DOHA (AFP) –
American 2004 Olympic 100m gold medallist Justin Gatlin, who like Dwain Chambers has been blighted by doping controversy, said he is happy the Briton has received the green light to compete at the London Games.
Gatlin is busy taking further steps towards redemption after completing his own four-year doping ban, having won a second world indoor gold in the 60m in March (after his previous podium-topping display in 2003).
Chambers, who served a two-year ban after testing positive for a banned steroid in 2003, finished third in the world indoors in Istanbul, but received even better news shortly after.
The 34-year-old Briton, long absent from Europe’s leading meets for several years after promoters decided to ban drug cheats, was ruled eligible for selection for the London Olympics after the British Olympic Association’s life-time ban for drugs cheats was overturned.
“As an adult, and as a father as well, I’m happy for him that he (Chambers) is able to provide for his family, to be able to go out there and do again what he loves to do,” Gatlin said ahead of Friday’s Diamond League opener here.
“It’s going to be in his home, in his own backyard so I think it would have been very bitter for him not to be able to compete in the Olympics in his own backyard.”
Gatlin disagreed with the view that drugs cheats should receive automatic life bans from the sport, saying that both he and Chambers had “done their time”.
“Everyone’s set of circumstances have been different, mine’s different from Dwain’s, and people should take the time to read the fine print instead of reading just the bold print in the headlines.
“I feel that whatever time we’ve served, innocent or guilty, we’ve served that time.
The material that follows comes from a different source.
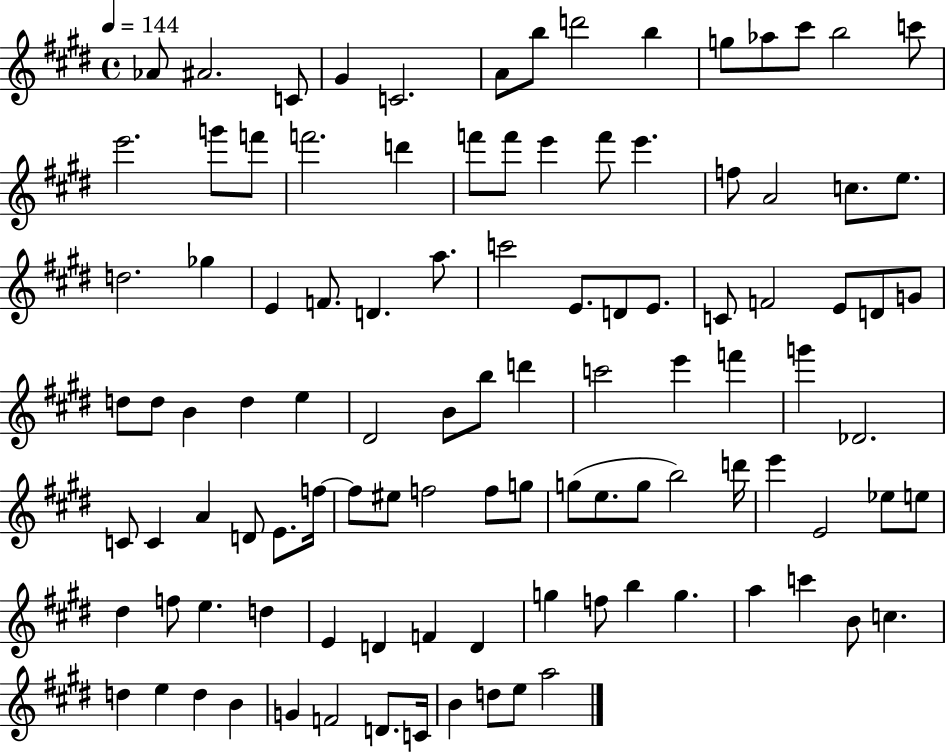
Ab4/e A#4/h. C4/e G#4/q C4/h. A4/e B5/e D6/h B5/q G5/e Ab5/e C#6/e B5/h C6/e E6/h. G6/e F6/e F6/h. D6/q F6/e F6/e E6/q F6/e E6/q. F5/e A4/h C5/e. E5/e. D5/h. Gb5/q E4/q F4/e. D4/q. A5/e. C6/h E4/e. D4/e E4/e. C4/e F4/h E4/e D4/e G4/e D5/e D5/e B4/q D5/q E5/q D#4/h B4/e B5/e D6/q C6/h E6/q F6/q G6/q Db4/h. C4/e C4/q A4/q D4/e E4/e. F5/s F5/e EIS5/e F5/h F5/e G5/e G5/e E5/e. G5/e B5/h D6/s E6/q E4/h Eb5/e E5/e D#5/q F5/e E5/q. D5/q E4/q D4/q F4/q D4/q G5/q F5/e B5/q G5/q. A5/q C6/q B4/e C5/q. D5/q E5/q D5/q B4/q G4/q F4/h D4/e. C4/s B4/q D5/e E5/e A5/h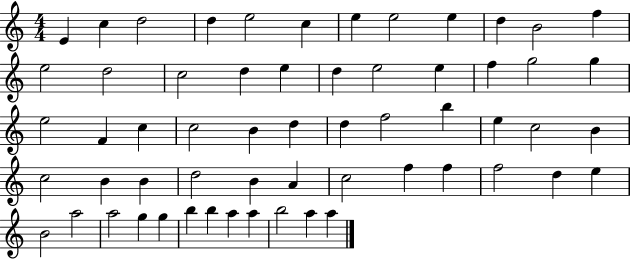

Taking that privilege (of competing) away from us, after being tested again and again, is unjust.”
Gatlin has happy memories of competing in Doha, where he memorably equalled Jamaican rival Asafa Powell’s then-world record of 9.77 seconds in a Grand Prix meeting in 2006.
The record was later rescinded after his doping violation came to light, but the American insisted he had no bitter-sweet thoughts.
His memories were of “very pleasant, warm emotions”, the 30-year-old Brooklyn native said. “The night I broke the record was a magical night.
“In the first round I equalled my personal best, and coming back knowing the second round could be faster with better effort, I could see history being made on the track.
“Doha’s a very special place for me and definitely an important part of my journey.”
He added: “Hopefully coming into this race in a couple of days I can do the same thing. It’s a very good stepping stone going towards London with the fast track here.”
Gatlin said he was unfazed going up against Jamaicans Powell and Nesta Carter, who claimed silver in the world indoors, and also French hope Jimmy Vicaut and American duo Darvis Patton and Michael Rodgers.
“Being able to show everyone I could win a championship, regardless whether indoor or outdoor, against some good opposition, and put another gold medal under my name was a good stepping point coming into the outdoor season,” he said.
“It wasn’t surreal but more a welcome home party. It told me you’re on the right track.”
Jamaica’s world record holder and Olympic champion Usain Bolt raced last week at the Kingston Invitational and will make his European bow at the second-tier meet in Ostrava, Czech Republic, later this month.
But Gatlin insisted that Bolt was merely human, albeit acknowledging his undoubted sprinting prowess.
“You have to be a student of the game. You watch for their weaknesses and what makes them the great athletes they are,” he said.
“Watching Usain Bolt perform great feats is breath-taking, but at the same time he’s still a man and he breathes the same air as I breathe and takes two steps to get to the line like I do.”